Este fio que aglutina todos os factos de uma forma positiva é a nossa Fé em Cristo, centro, origem e destino das nossas vidas. Tal como a Terra à volta do Sol, o nosso ano (litúrgico) é passado à volta da Sua pessoa e da sua Palavra, desde o Seu nascimento até à Sua Ascensão aos Céus, num movimento helicoidal do passado para o futuro.
Isto faz de cada Natal, cada Páscoa e cada Pentecostes acontecimentos sempre velhos e sempre novos; onde eu estava no Natal do ano passado não é onde estou agora. Por isso, cada festa é sempre a mesma e sempre diferente neste caminhar helicoidal à volta de Cristo para o futuro.

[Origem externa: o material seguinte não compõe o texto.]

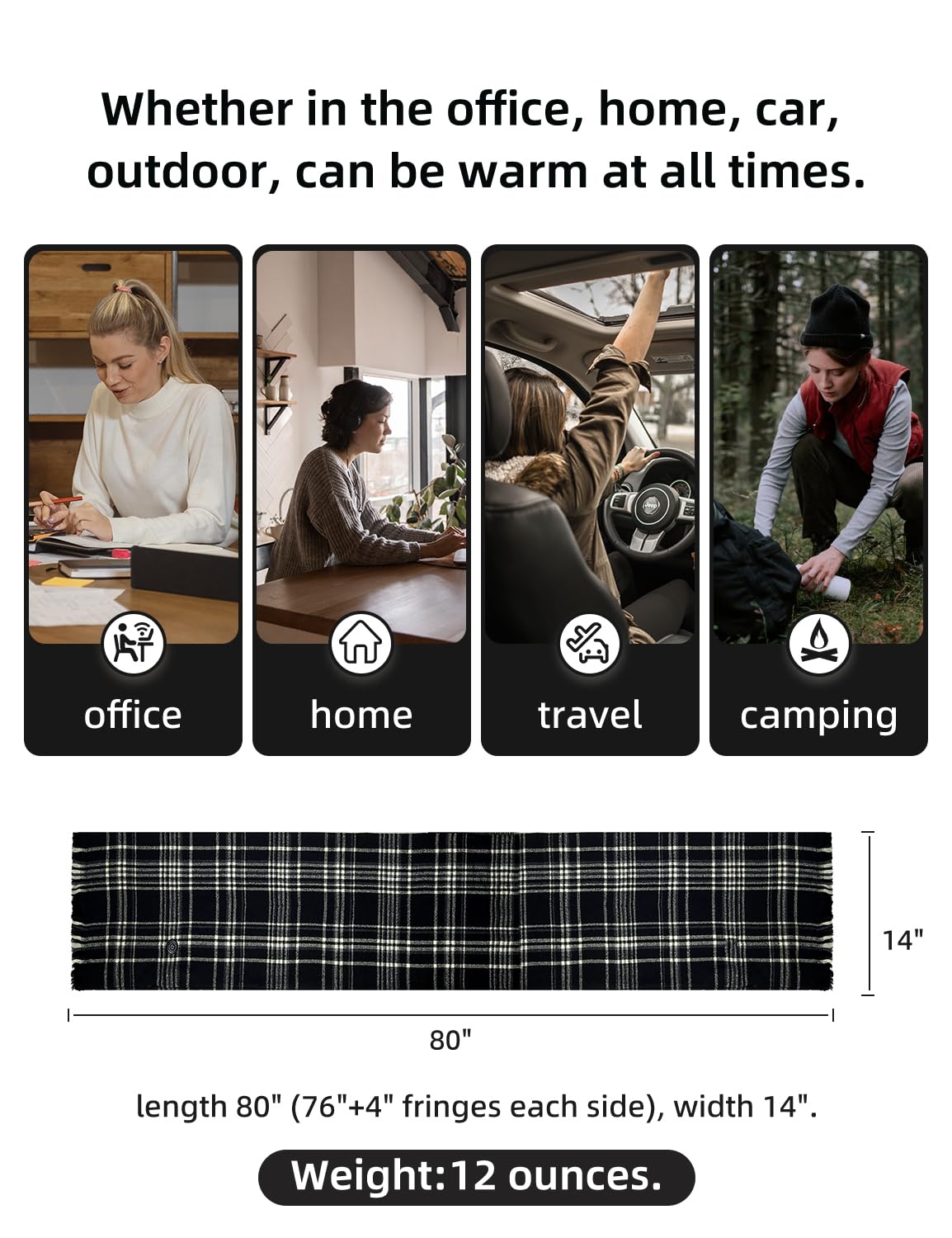Bufanda térmica para mujeres y hombres con batería recargable portátil, bufanda eléctrica para el cuello para clima frío invierno, Negro clásico 4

A Esperança e o futuro – entre a ansiedade e a Esperança
«Não vos preocupeis, dizendo: “Que comeremos, que beberemos, ou que vestiremos?” (…) o vosso Pai celeste bem sabe que tendes necessidade de tudo isso. Procurai primeiro o Reino de Deus e a sua justiça, e tudo o mais se vos dará por acréscimo. Não vos preocupeis, portanto, com o dia de amanhã, (…) Basta a cada dia o seu problema.» Mateus 6, 31-34
Desde o momento em que somos adotados por Deus como filhos, não devemos preocupar-nos. As crianças vivem ocupadas e procuram estar sempre ocupadas, mas não preocupadas. Deixam para os pais as preocupações, são eles que devem preocupar-se com o bem-estar da criança. Assim deve ser a nossa relação com Deus nosso Pai: devemos andar ocupados com os assuntos do Reino de Deus e deixar para Ele o nosso sustento, o nosso vestir, o nosso futuro.

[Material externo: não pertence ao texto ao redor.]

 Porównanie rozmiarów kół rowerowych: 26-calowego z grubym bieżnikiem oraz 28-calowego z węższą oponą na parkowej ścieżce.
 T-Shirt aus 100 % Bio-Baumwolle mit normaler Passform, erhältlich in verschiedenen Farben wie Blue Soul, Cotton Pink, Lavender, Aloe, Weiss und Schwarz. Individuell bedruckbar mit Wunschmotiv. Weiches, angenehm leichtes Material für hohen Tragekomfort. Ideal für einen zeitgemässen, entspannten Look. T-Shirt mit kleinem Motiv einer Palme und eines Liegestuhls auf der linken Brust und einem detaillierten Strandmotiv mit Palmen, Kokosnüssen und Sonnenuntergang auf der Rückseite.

Como já referimos noutros textos, o homem bíblico caminha para o futuro de costas, guiando-se pelo passado. À medida que caminhamos de costas para o futuro, ampliam-se os horizontes e cada facto particular é visto e colocado à vista do geral como uma peça de um puzzle. Por outro lado, esse mesmo passado fornece-me os instrumentos de navegação para o futuro. No mar, tanto sobre a água como debaixo dela os submarinos não se guiam pela vista, mas pelos instrumentos; o mesmo acontece com os aviões no ar. O nosso passado são os instrumentos de navegação para o futuro pois, por mais que queiramos, desconhecemos o futuro; mas como é conhecido por Deus, nele confiamos.

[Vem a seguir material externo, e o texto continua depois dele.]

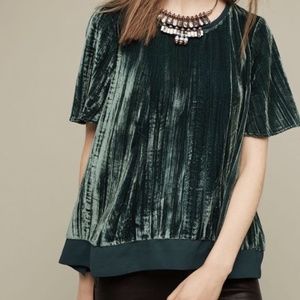Anthropologie Maeve Velvet Green top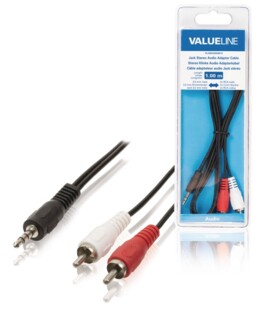 Stereo Audiokabel 3.5 mm Male - 2x RCA Male 1m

(…) se Cristo não ressuscitou, logo é vã a nossa pregação, e também é vã a vossa Fé. 1 Coríntios 15, 14
De onde vimos, para onde vamos e que sentido tem a nossa vida são as perguntas que todo o ser humano se faz desde o momento que se conhece como pessoa. Cristo é a única resposta cabal a estas perguntas.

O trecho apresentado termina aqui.